__SOURCE MATERIAL__.

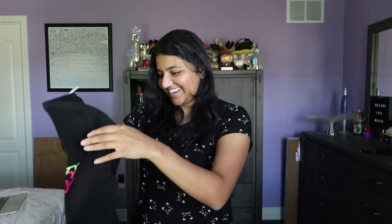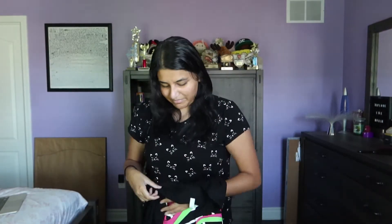I ordered a shirt and a hoodie. I'm gonna start with the shirt — I ordered the Party Viper tee in a medium. I like the texture. This is what the front looks like, and the back.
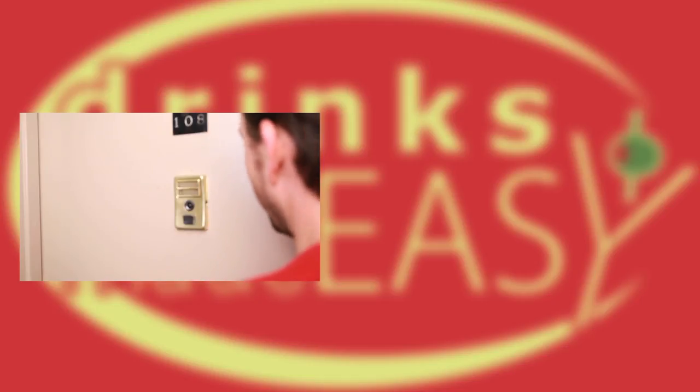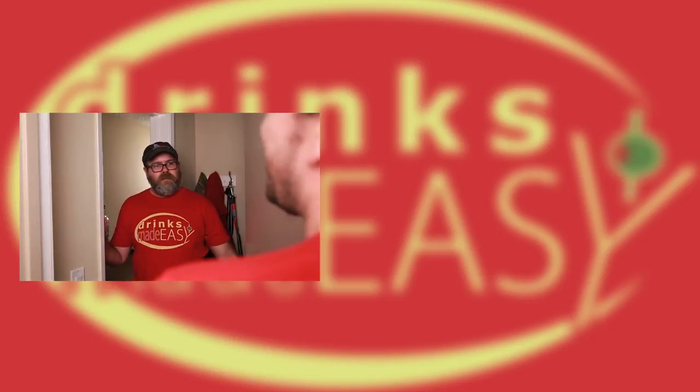Mike. Yeah. You're supposed to say who is it? Who is it? Paul. Oh, hey, man. No, you don't open the door. Oh!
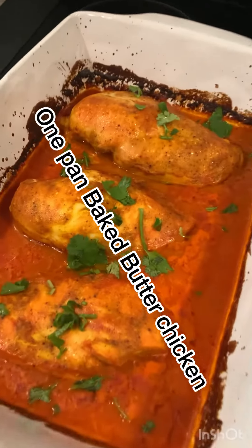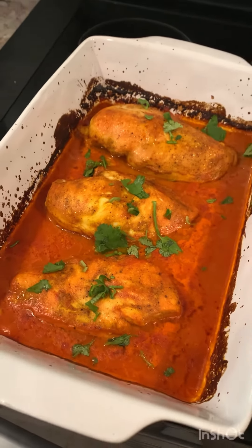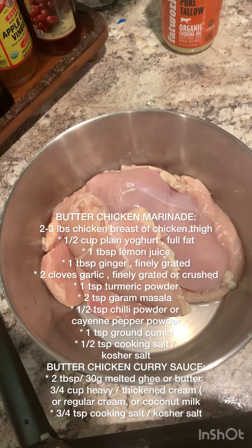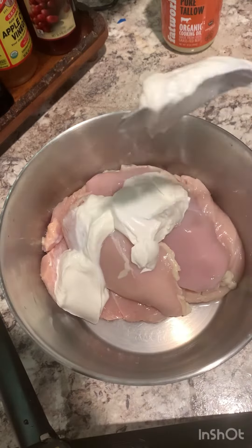One pan baked butter chicken is so easy you won't believe it. Just put everything in a pan then pop it in the oven. You get all the flavors with a fraction of the effort. This is one pan game changer.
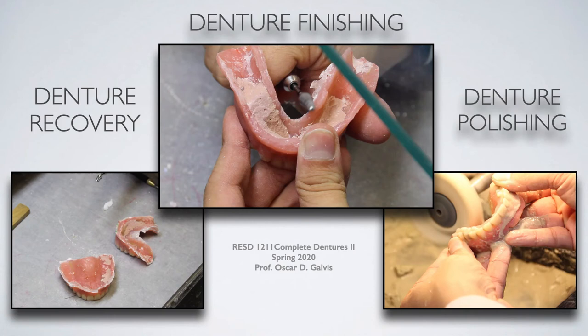Hey everyone and welcome back to the Complete Dentures 2 course for New York City College of Technology. This week we're going to be covering denture recovery, finishing, and polishing. Up until this point we've covered all the main steps. More recently we talked about deflasking of your processed complete dentures and then selective grinding and creating a bilateral balanced occlusion. Now let's begin.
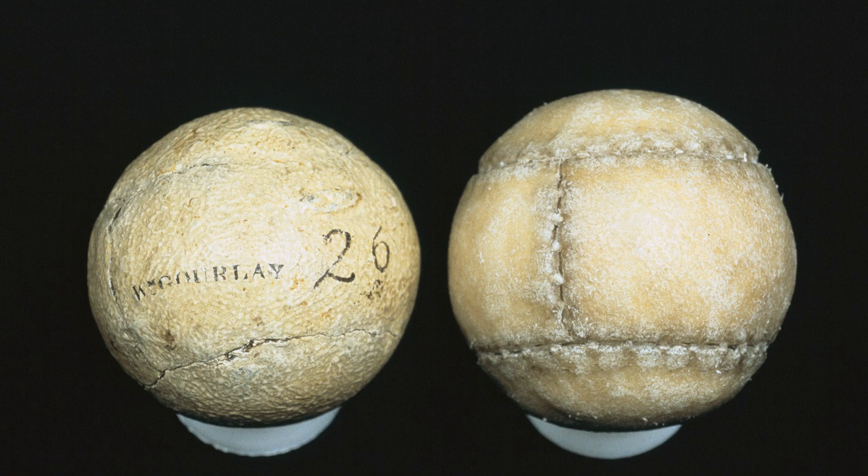Originally, golf balls with dimples simply just didn't exist. Original golf balls were made of wood, which means generally they weren't perfectly round, and the surfaces were smooth. The addition of dimples wasn't down to science or structured testing — it really was just an accident.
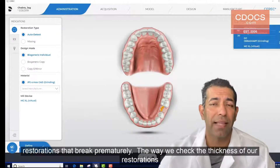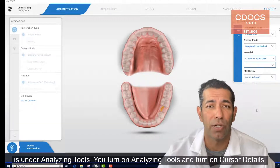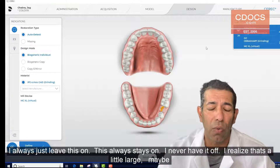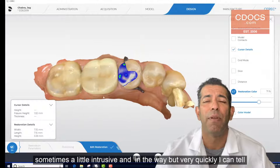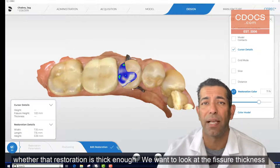The way we check the thickness of our restoration is under analyzing tools — you turn on cursor details. I always just leave this on; I never have it off. I realize it's a little large and maybe sometimes a little intrusive and in the way, but very quickly I can tell whether that restoration is thick enough.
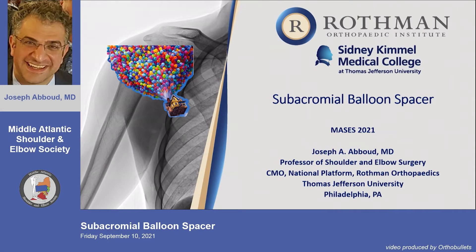This is exciting technology that was just approved in July, initially brought to the United States by Orthospace, purchased by Stryker, and now commercialized.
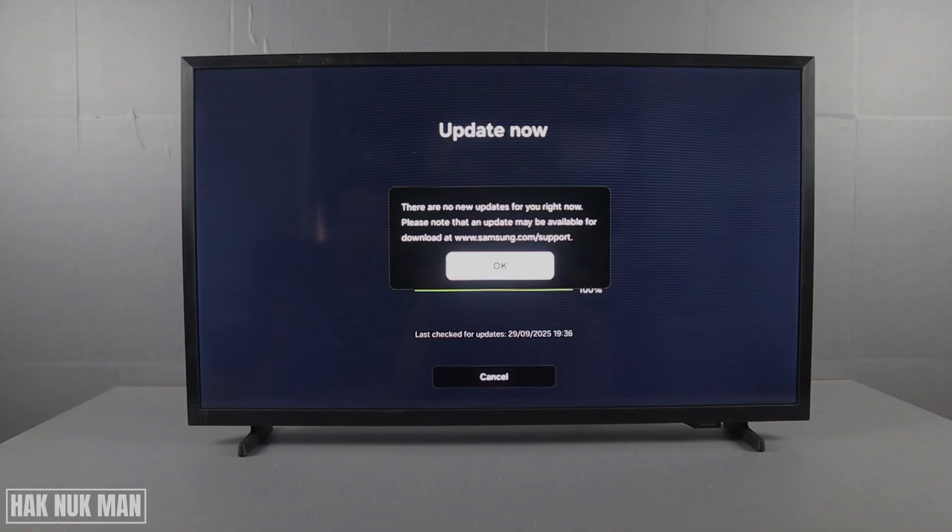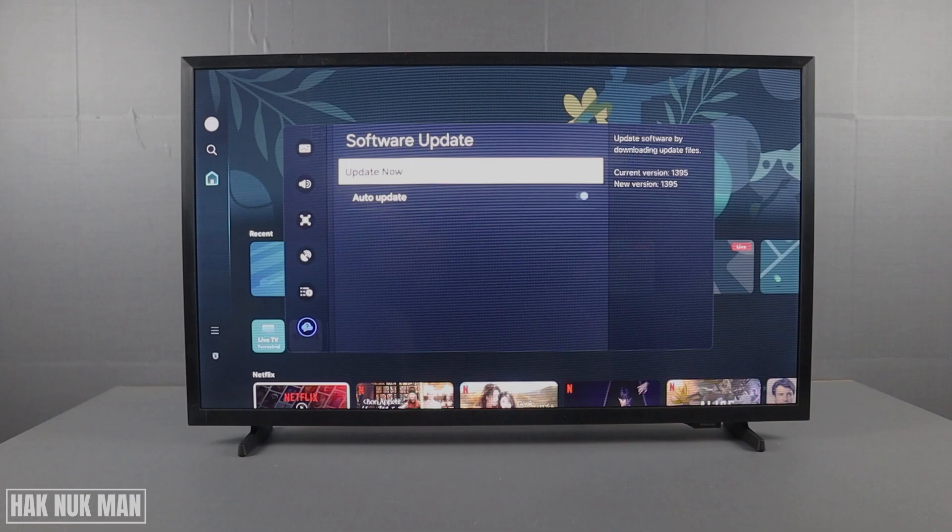There is no new update, so just press OK and that's it. That is all for today's video on how to check for a software update on your Samsung smart TV 2025 model. Thanks for watching this short video — hope to see you again in the next video, bye bye and have a nice day.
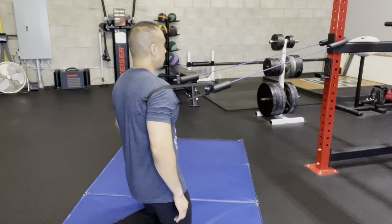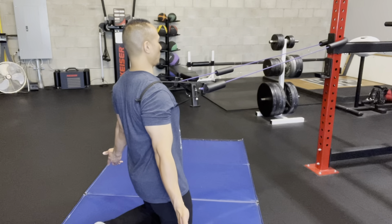Holding that position, spin both your arms outward so that your palms face away and slightly to the sides. From there, focus on breathing — specifically exhalation. When you exhale, that drops the ribs down towards the pelvis a tad bit more and allows you to contract the core.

__EXERCISE PROMPT__.
Would you restate, word for word and with no pictures, only the lines from the opening of the material through the line with "Originally, golf balls", both included?

__SOLUTION TO THE PROBLEM__.
I ordered a shirt and a hoodie. I'm gonna start with the shirt — I ordered the Party Viper tee in a medium. I like the texture. This is what the front looks like, and the back.
Mike. Yeah. You're supposed to say who is it? Who is it? Paul. Oh, hey, man. No, you don't open the door. Oh!
One pan baked butter chicken is so easy you won't believe it. Just put everything in a pan then pop it in the oven. You get all the flavors with a fraction of the effort. This is one pan game changer.
Hey everyone and welcome back to the Complete Dentures 2 course for New York City College of Technology. This week we're going to be covering denture recovery, finishing, and polishing. Up until this point we've covered all the main steps. More recently we talked about deflasking of your processed complete dentures and then selective grinding and creating a bilateral balanced occlusion. Now let's begin.
Originally, golf balls with dimples simply just didn't exist. Original golf balls were made of wood, which means generally they weren't perfectly round, and the surfaces were smooth. The addition of dimples wasn't down to science or structured testing — it really was just an accident.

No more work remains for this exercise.